La villa apparteneva anticamente alla famiglia Traverso, già proprietaria di villa Ghiotto e trasferitasi dal castello di Barbarano per difendere meglio i diritti feudali che vantava. La proprietà viene nominata per la prima volta nella denuncia d'estimo del 1544, ma forse l'edificio ospitò prima una comunità conventuale di monaci. In seguito passò alla famiglia Sesso per poi ritornare, a metà del XIX secolo, proprietà dei Traverso.
La villa, che sorge ai piedi del colle Monticello, conserva forme architettoniche che fanno risalire la sua prima costruzione almeno al Cinquecento. Un'interessante struttura esterna, connessa alla villa, è una specie di torretta cilindrica in mattoni, forse il “servizio” della camera da letto o la colombara. Su sette pilastri si allunga la barchessa, completamente restaurata, adibita un tempo a stalla e ad uso dei domestici. Alcune leggende, non confortate da documenti storici, tramandano che le cantine di questa casa fossero parte di una rete di camminamenti nascosti e protetti collegati con altri luoghi ed edifici vicini. Davanti alla facciata meridionale, adiacente alla via pubblica, vi era una sorgente di acqua termale, ormai prosciugata[3].
Anch'essa nominata nella denuncia d'estimo del 1544 come proprietà della famiglia Traverso, la villa fu oggetto di molte ristrutturazioni e ampliamenti. Vicino ad essa esisteva un oratorio dedicato ai Santi Leonzio e Carpoforo, patroni di Vicenza; vicino ad esso vi era una chiesa più antica, soggetta alla Pieve di Barbarano, ed entrambi gli edifici erano proprietà della famiglia Traverso; di essi non rimane traccia dalla fine dell'Ottocento, quando proprietaria divenne la famiglia Ghiotto.

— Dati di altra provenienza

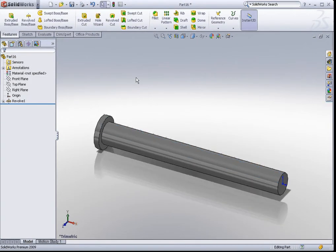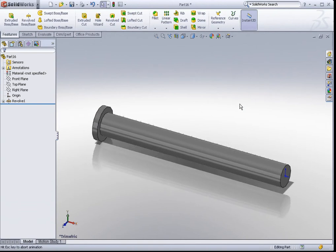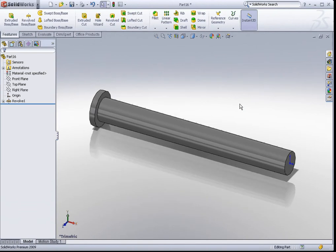Okay, so this shouldn't be too difficult. We have just created a revolve feature. Let us next use the extrude boss base feature to create the head of the actuator piston.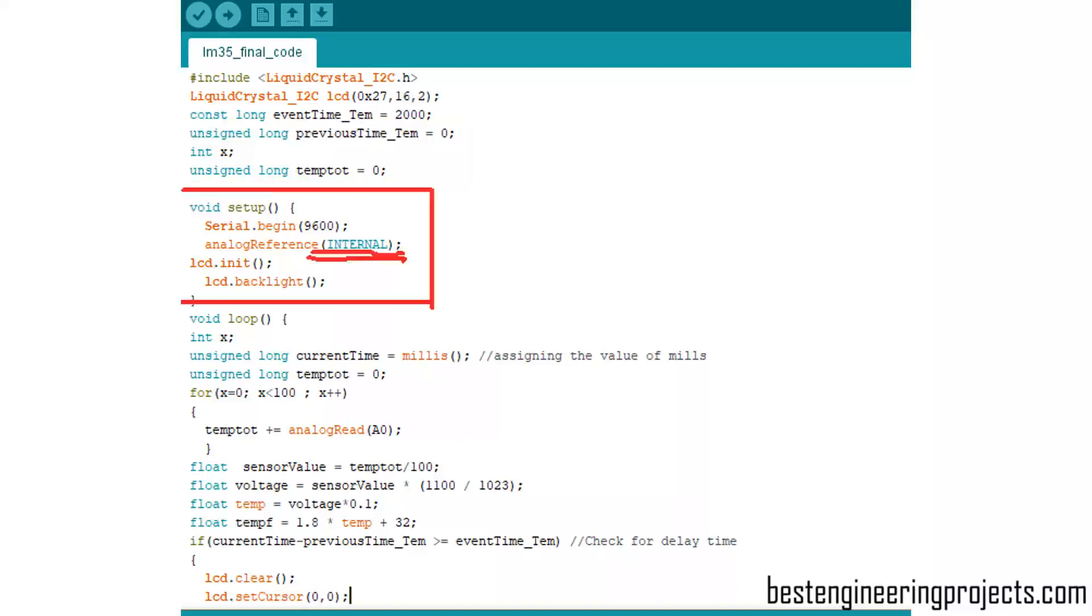If we see the setup function, all the lines are familiar except analogReference INTERNAL. This analogReference INTERNAL line activates 1.1-volt reference voltage.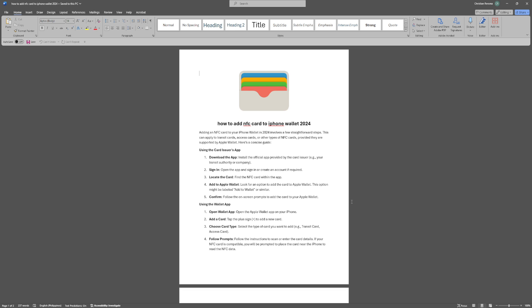Let's get started. Adding an NFC card to your iPhone Wallet in 2024 involves a few straightforward steps. This can apply to transit cards, access cards, or other types of NFC cards, provided they are supported by Apple Wallet.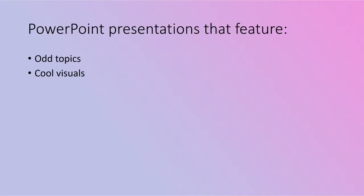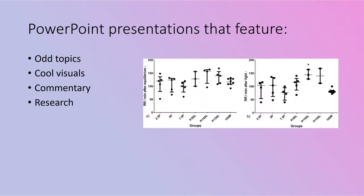cool visuals, commentary, research, facts, and more.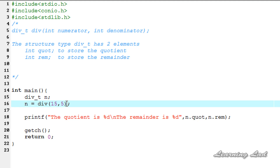This is about the div function in C, which is used to get the quotient and remainder of a division operation. Thank you for watching and don't forget to subscribe to my channel. Like my Facebook page at facebook.com/learninglad and I'll see you in the next tutorial.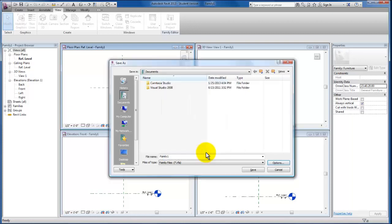And I'm going to save this to my desktop.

Attualmente la proprietà giace molto appartata, quasi nascosta da due strutture moderne, la prima delle quali è una grande e bella residenza ottocentesca, mentre la seconda è un'alta tettoia, sostenuta da travi in cemento per il ricovero di attrezzi e macchinari agricoli. Sulla villa originale vennero a più riprese eseguiti interventi tardo quattrocenteschi. La loggia tardo settecentesca costituisce l'elemento caratterizzante di tutta la villa, a cominciare dalla sua inusuale collocazione all'estremità sinistra della facciata[3].